Final answer:
The hypothesis test involves comparing the average income of households in the area to $25,000. The null hypothesis is that the average income is $25,000 and the alternative hypothesis is that the average income is greater than $25,000. Based on a random sample of 9 households, a z-test is used to compare the sample mean with the population mean. The decision is to reject the null hypothesis, suggesting that there is enough evidence to support the claim that the average income of households in the area is greater than $25,000.
Step-by-step explanation:
The answer to this question is option C. H₀: μ = 25000, H₁: μ > 25000, z critical, z test, Reject H₀. The null hypothesis (H₀) states that the average income of households in the area is equal to $25,000. The alternative hypothesis (H₁) states that the average income of households in the area is greater than $25,000.

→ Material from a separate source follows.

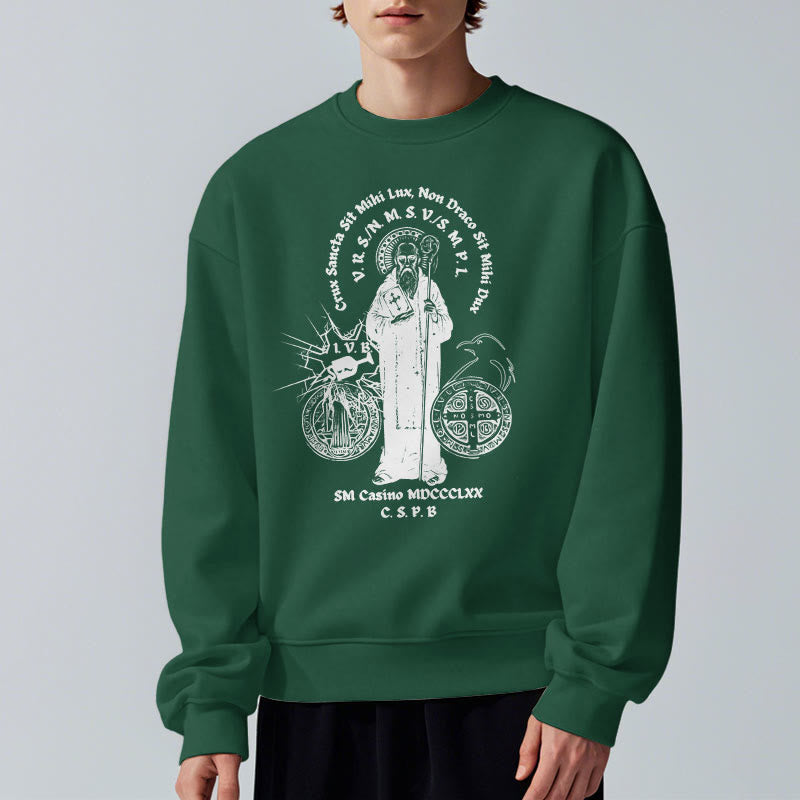 Christianartworkshop Sweatshirt im klassischen Stil mit der Figur des Heiligen Benedikt, mit Fleecefutter aus Polyester - image 23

To test this hypothesis, a random sample of 9 households is taken. The z-test is used to compare the sample mean with the population mean. The critical value for a one-tailed test at a significance level of 0.05 is found from the z-table. If the calculated test statistic (z-test) is greater than the critical value, then the null hypothesis is rejected.
In this case, the decision is to reject the null hypothesis (H₀) because the calculated test statistic (z-test) is greater than the critical value. This suggests that there is enough evidence to support the claim that the average income of households in the area is greater than $25,000.